Koch scholarships will be awarded to students with good grades, financial needs, and an interest in studying how “entrepreneurship, economics and innovation contribute to well-being for individuals, communities, and society.” Sounds like conservative free markets to me. More than that, it sounds like granting scholarships to further the Koch government-reducing, free market focus. Koch protects its interest by having two seats on the five-member scholarship committee, with the other three from the UNCF. While non-Koch interests are the majority, it will be interesting to see if a donor can sway a committee.

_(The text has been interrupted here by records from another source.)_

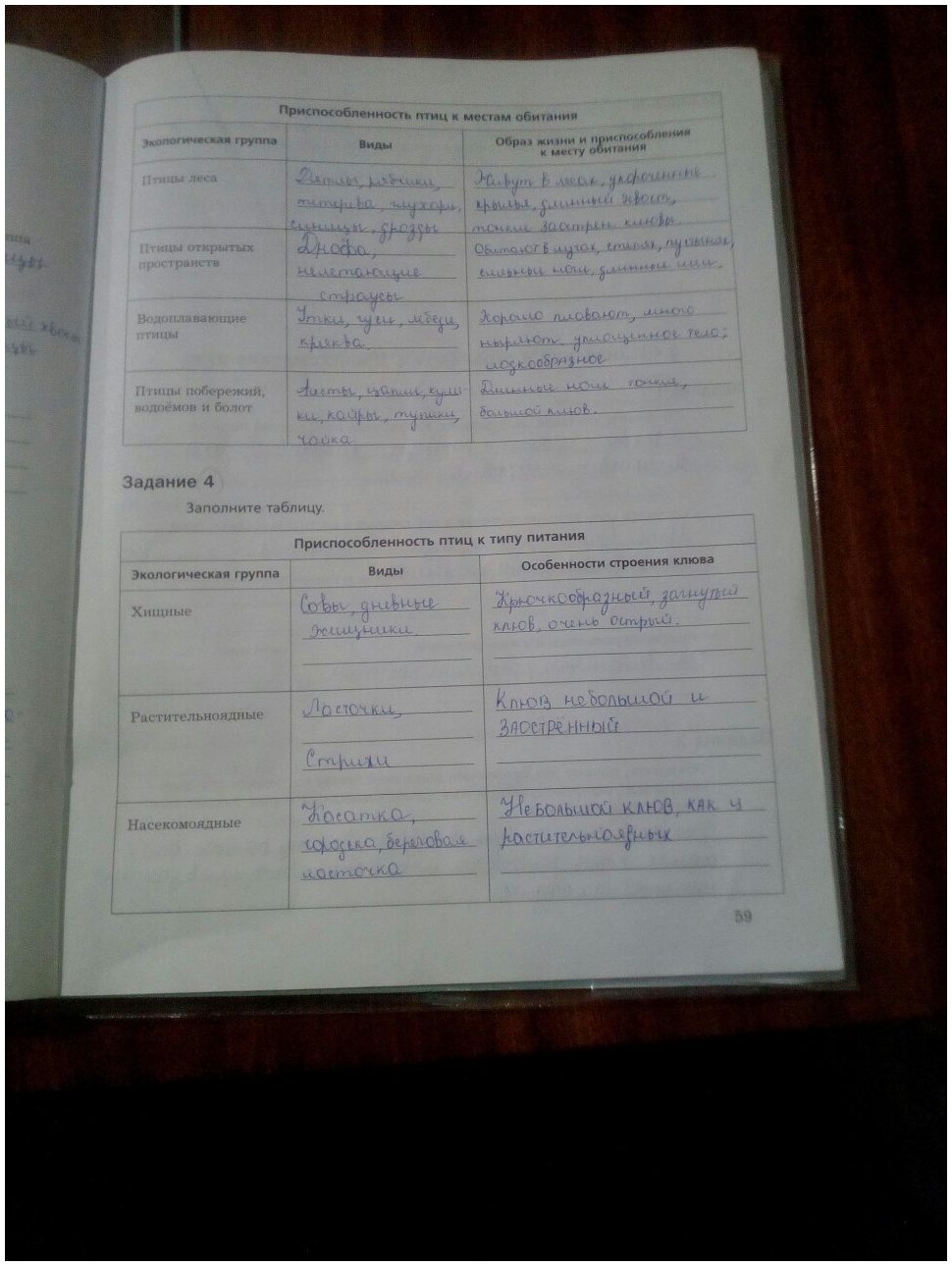 гдз 7 класс рабочая тетрадь часть 2 страница 59 биология Суматохин, Кучменко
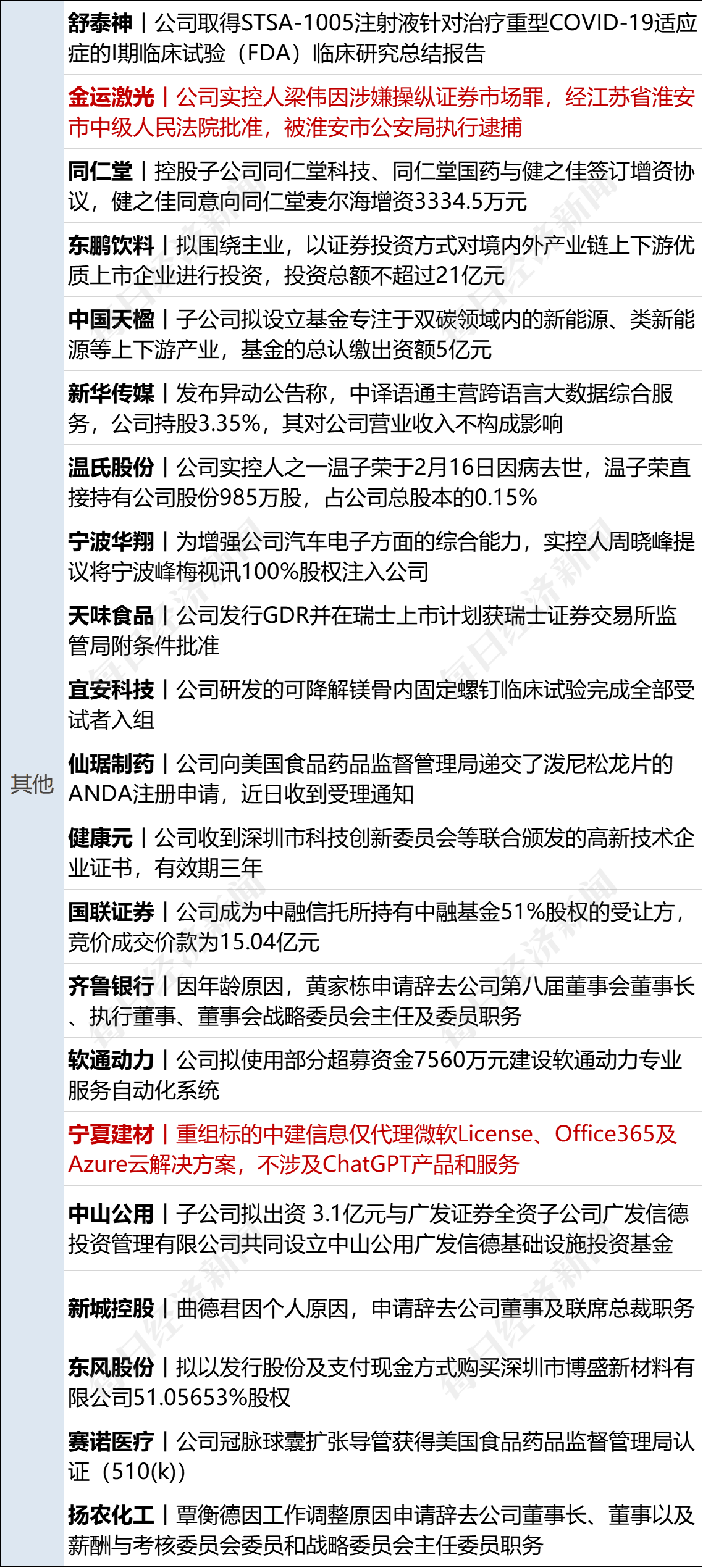 早财经丨道指跌超400点，特斯拉蒸发2600亿；华兴本钱确认：开创人包凡失联；千亿养殖巨头实控人之一逝世；王登峰被拘捕，曾任中国足协副主席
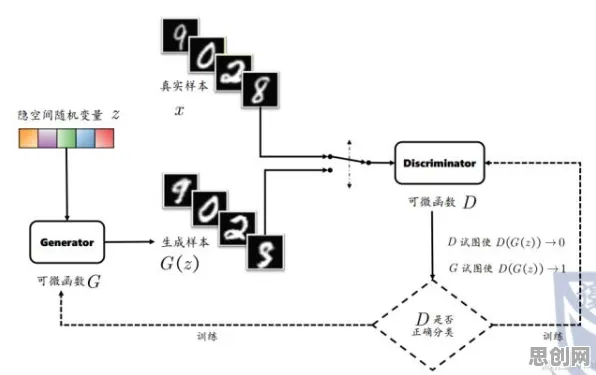 工业数字孪生技术应用案例事件背后的卷积神经网络机制分析 工业数字孪生技术应用案例事件背后的卷积神经网络机制分析
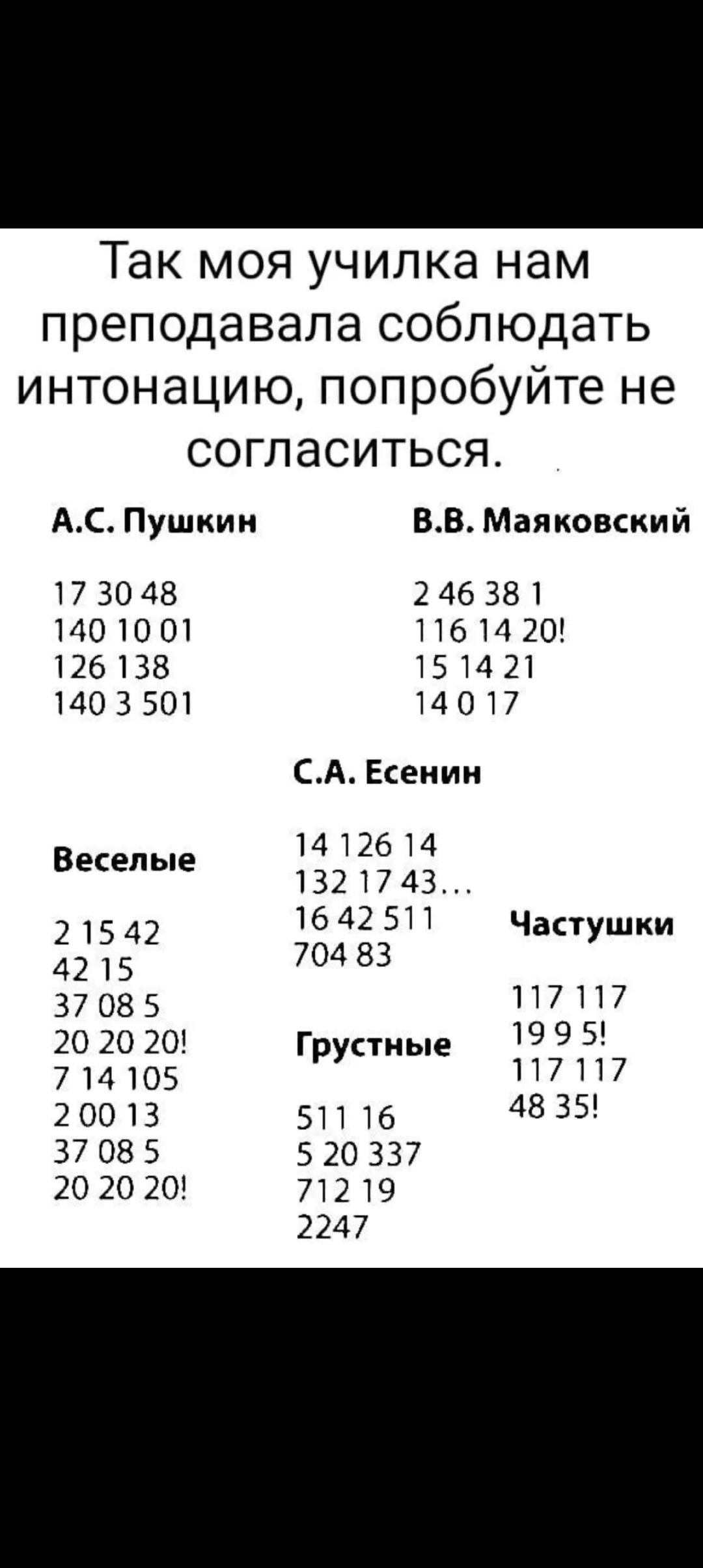 Так моя училка нам преподавала соблюдать интонацию попробуйте не согласиться АС Пушкин ВВ Маяковский 17 30 48 246 381 140 10 01 116 14 20 126 138 15 14 21 140 3 501 14017 СА Есенин 14 126 14 Веселые 132 17 43 16 42 511 Ч 215 42 астушки 4215 704 83 37 08 5 117 117 20 20 20 Грустные 1995 714 105 117117 20013 511 16 48 35 37 08 5 5 20 337 20 20 20 712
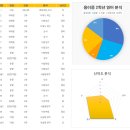 용이중학교 이미지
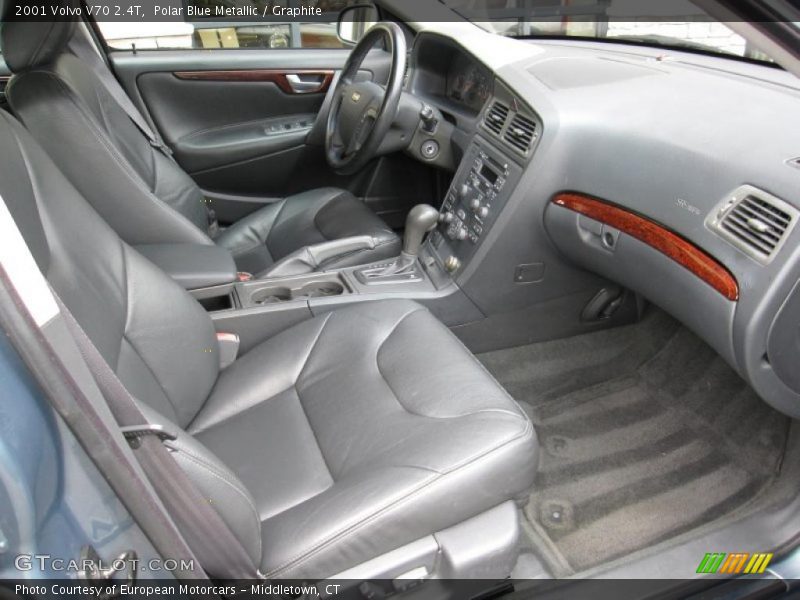 Polar Blue Metallic / Graphite 2001 Volvo V70 2.4T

What else? The Koch brothers are making the most of this gift in the media. Rarely have I seen so many headlines generated by a gift of that size. $100 million, maybe. $250 million, surely. But while $25 million will mean a lot to the UNCF, schools such as Harvard would likely consider it nothing more than a modest behest. The Koch brothers must think they’ll get some positive publicity from their gift, and they obviously have the PR team to pitch it.
Furthermore, these are the very Koch brothers who have supported voter suppression efforts. They would reduce the size of government, which means the Pell grants that so many students depend on would shrink in size. What one hand gives, in other words, the other takes away. If the Koch brothers would fight to maintain or increase the size of the Pell grant, fewer would look askance at their gift. Instead, many see this as the cynical manipulation of a deep-pockets donor who gets much publicity from their gift.
It kind of reminds me of the Donald Sterling gift to the Los Angeles branch of the NAACP. After Sterling’s racist rant, his donation was returned. Still, the NAACP was in the process of giving him a second lifetime achievement award prior to his verbal rampage. Indeed the 2014 outrage against Sterling had elements of class bias. The multi-million dollar players weren’t angry when he discriminated against African Americans and Latinos in the slum housing he owned—which cost him a couple of million dollars to settle with the Justice Department—but they were dismayed when he made negative comments about them. Their earlier silence equaled acquiescence to Sterling’s racism; their protest suggested that they would get angry only when rancid racism was directed at them.
Do basketball players really think that Sterling is the only NBA owner who harbors racist views? Those owners have enough sense not to articulate them publicly. If they know that other owners share Sterling’s views then they condone closed-door racism, not the open-door kind. If they are aware, and don’t care or share, they are making deals with the devil.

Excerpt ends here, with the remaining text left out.